▶ [Material for the task]:
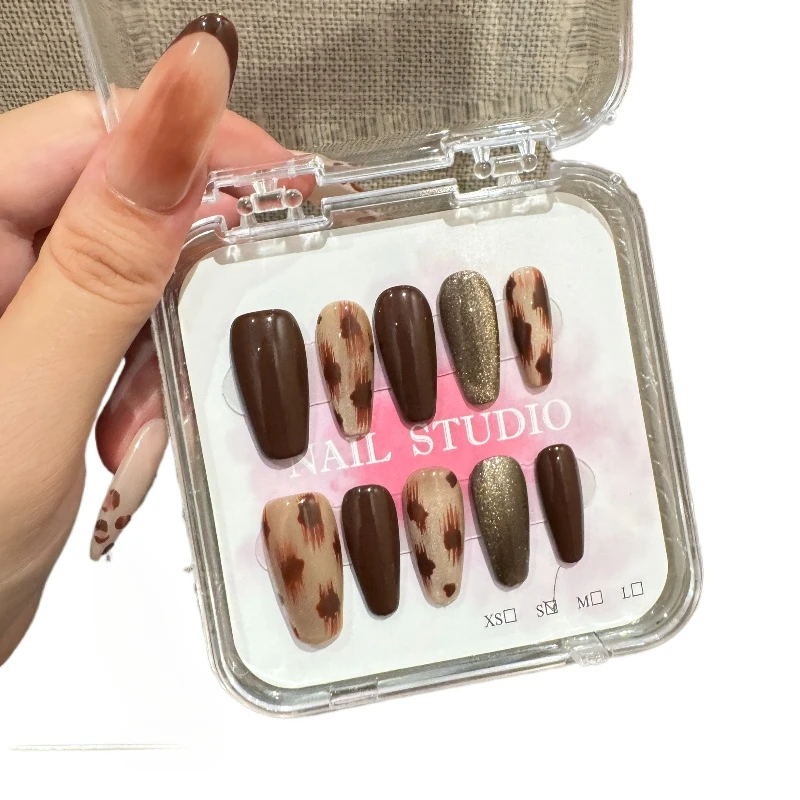 *Brown wear pure autumn and winter nail sticker finished product daily cute wear nail piece woman
*Brown wear pure autumn and winter nail sticker finished product daily cute wear nail piece woman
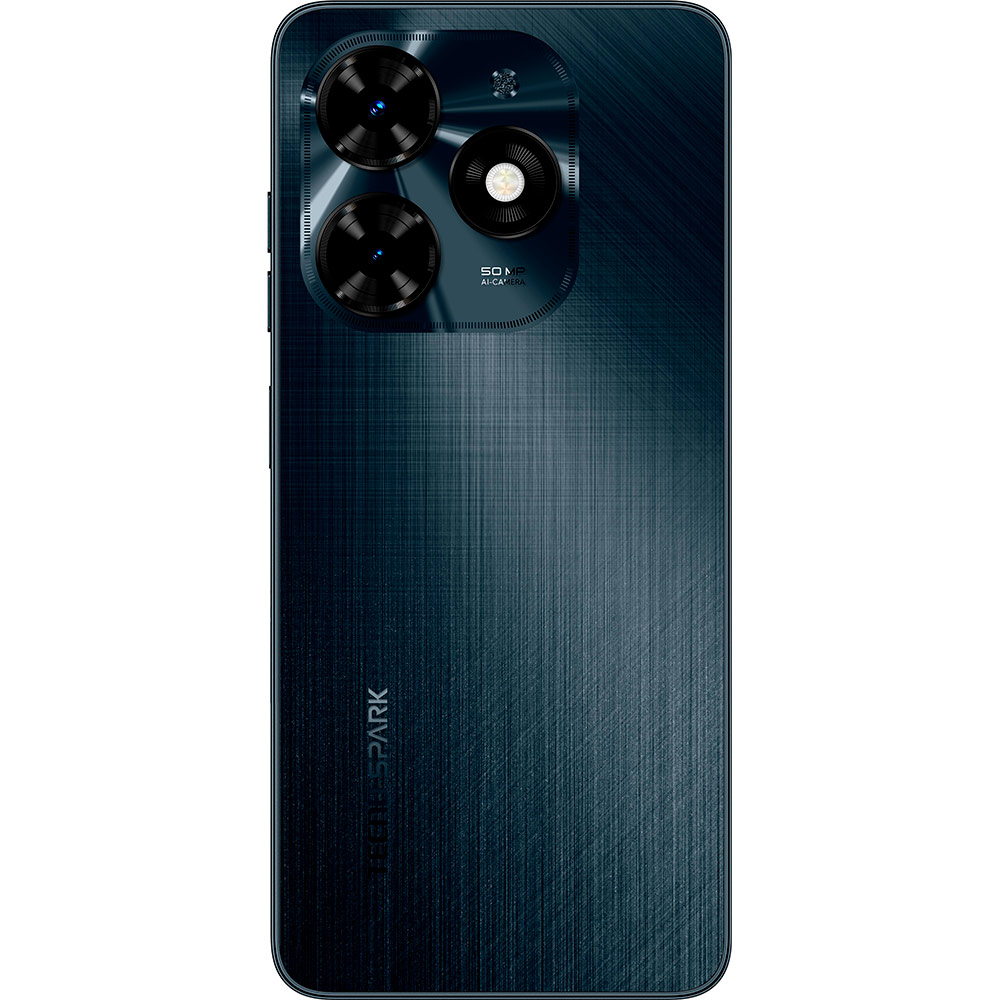 Смартфон TECNO Spark 20C BG7n 4/128GB Dual Sim Gravity Black (4894947011740) Діагональ дисплея 6.56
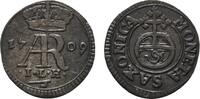 Sachsen-Albertinische Linie Pfennig Friedrich August I. 1694-1733 -
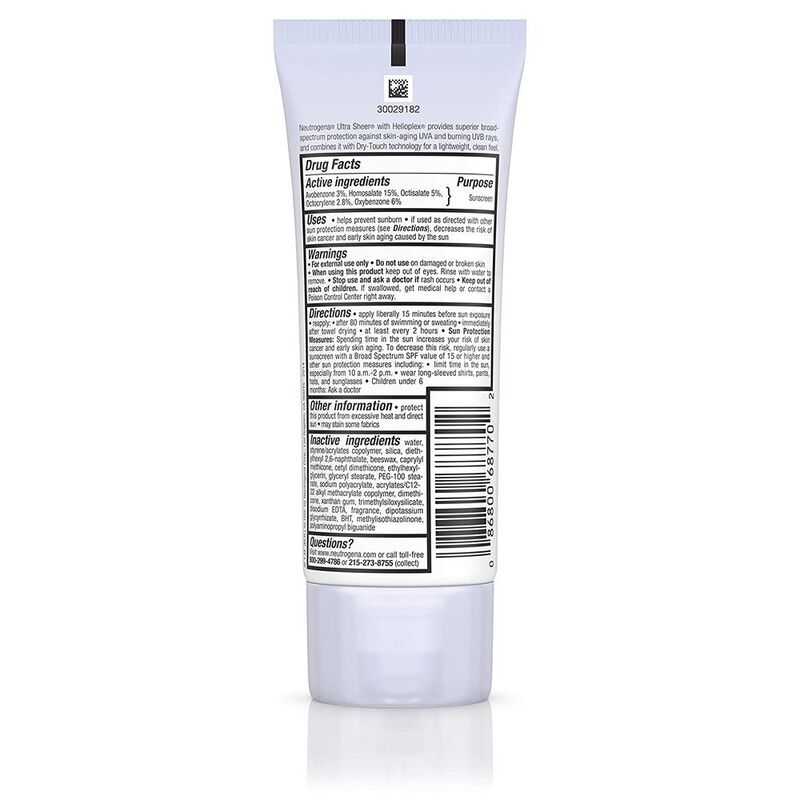 Protector Solar Corporal Neutrogena Ultra Sheer... image number null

▶ [Work task]: Please restate the data word for word, leaving out any picture it holds.

▶ [Answer to this exercise]:
 *Brown wear pure autumn and winter nail sticker finished product daily cute wear nail piece woman
*Brown wear pure autumn and winter nail sticker finished product daily cute wear nail piece woman
 Смартфон TECNO Spark 20C BG7n 4/128GB Dual Sim Gravity Black (4894947011740) Діагональ дисплея 6.56
 Sachsen-Albertinische Linie Pfennig Friedrich August I. 1694-1733 -
 Protector Solar Corporal Neutrogena Ultra Sheer... image number null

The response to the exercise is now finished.